What are the challenges or downsides?
- Learning curve: Adapting to new software and routines takes time.
- Software costs: Subscription fees, training, or migration costs may be significant for small traders.
- Increased administrative burden: Quarterly updates introduce new deadlines and workload.
- Risk of penalties: Missing updates or making errors can incur penalties.
- Edge cases & complexity: Handling joint properties, foreign income, rental adjustments or reliefs can complicate submissions.
What penalties or enforcement should I be aware of?
HMRC plans a new penalty regime tailored for MTD ITSA. Penalties will apply for:
- Late quarterly updates
- Late Final Declaration
- Errors or under-reporting
- Failure to keep digital records
In the early years, HMRC may allow some flexibility, but strict enforcement is expected over time.

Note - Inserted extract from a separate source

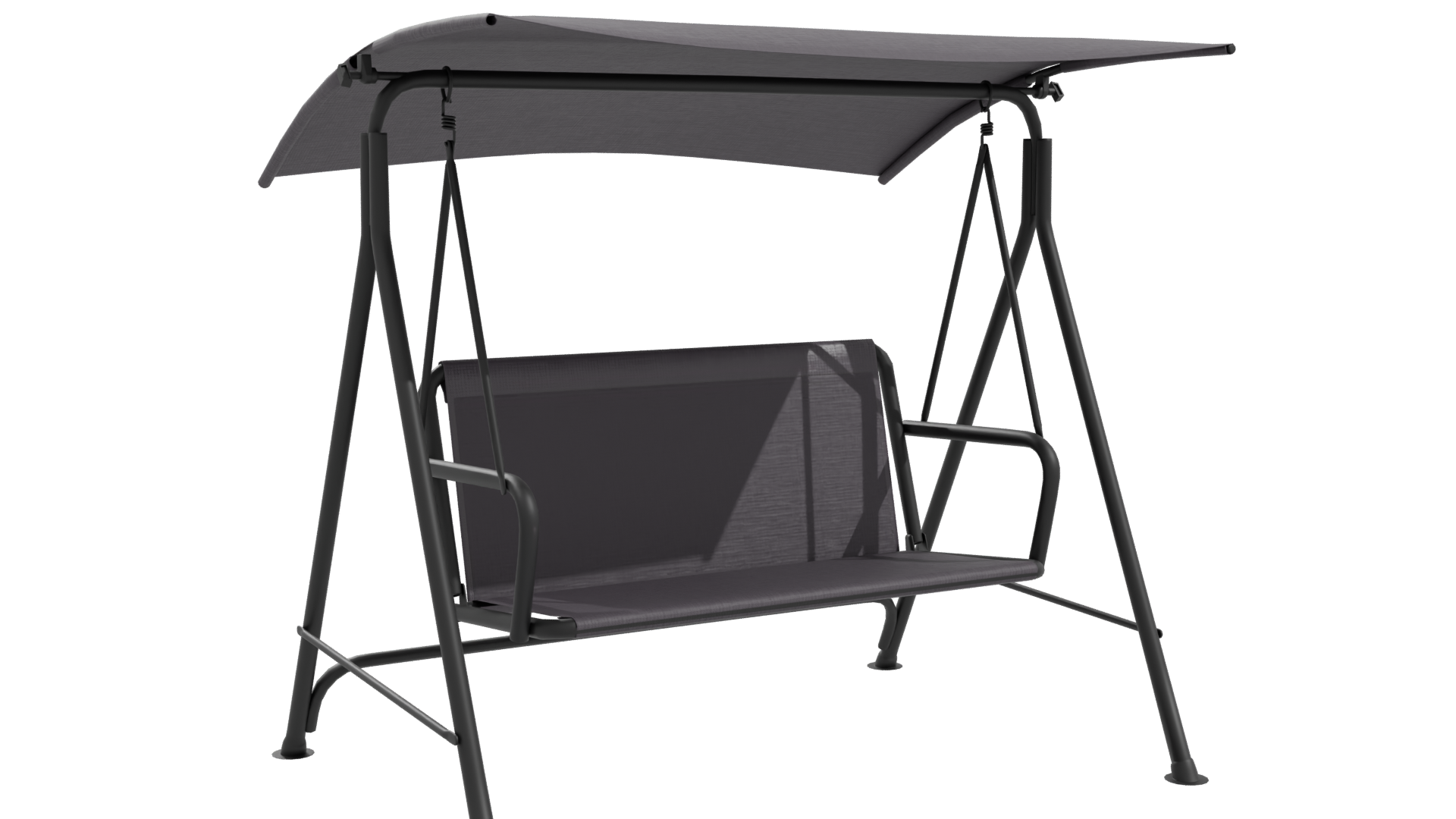 Outdoor Swing Chair 3D Model - Professional 3D Model Render 10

Recent commentary suggests that from April 2026, those entering MTD (earning over £50,000) will face increased late-payment penalties under the MTD system.
It’s wise to treat deadlines seriously and ensure your processes are reliable.
7. Bringing It All Together: A Full Example
Here’s a detailed worked example to illustrate how all the rules come together.
Example: “Bob the Consultant & Landlord”
Profile
- Bob is a sole trader (consultant) and also owns one rental flat.
- In tax year 2024/25, his gross consulting turnover = £45,000, and his gross rental income = £8,000.
- Combined qualifying income = £53,000 → over the £50,000 threshold → Bob must comply starting 6 April 2026.
Recording & Software Setup
- Bob selects MTD-compliant software (say “AcmeAccounting”) that allows for both trading and property income.
- He inputs his opening balances, links bank accounts, and sets up categories for expenses (e.g. travel, office costs, maintenance, insurance).
- He scans and attaches receipts and invoices as they arrive, and reconciles monthly.
Quarterly Updates in 2026/27
- Q1 (6 Apr-5 Jul): Bob’s software shows: income £12,000, expenses £4,000. He submits update by 7 August.
- Q2 (6 Jul-5 Oct): Cumulative income = £25,000; cumulative expenses = £9,500. Submit by 7 November.
- Q3 (6 Oct-5 Jan): Income = £38,000; expenses = £14,000. Submit by 7 February.
- Q4 (6 Jan-5 Apr): Income = £53,000; expenses = £20,000. Submit by 7 May.
Final Declaration & Tax Calculation
- By 31 January 2028, Bob submits Final Declaration combining:
- All self-employed income minus allowed expenses
- All property income minus allowable deductions
- Any other income (dividends, interest)
- Adjustments for reliefs, allowances, capital allowances, etc. - HMRC calculates his tax liability (income tax + Class 4 NIC) based on that Final Declaration.
If Bob identifies an error (say, a missing expense), he can amend the relevant quarterly update or make a correction via software within allowable windows.
Throughout the year, Bob monitors his accumulated tax liability, so he is not surprised by a big bill.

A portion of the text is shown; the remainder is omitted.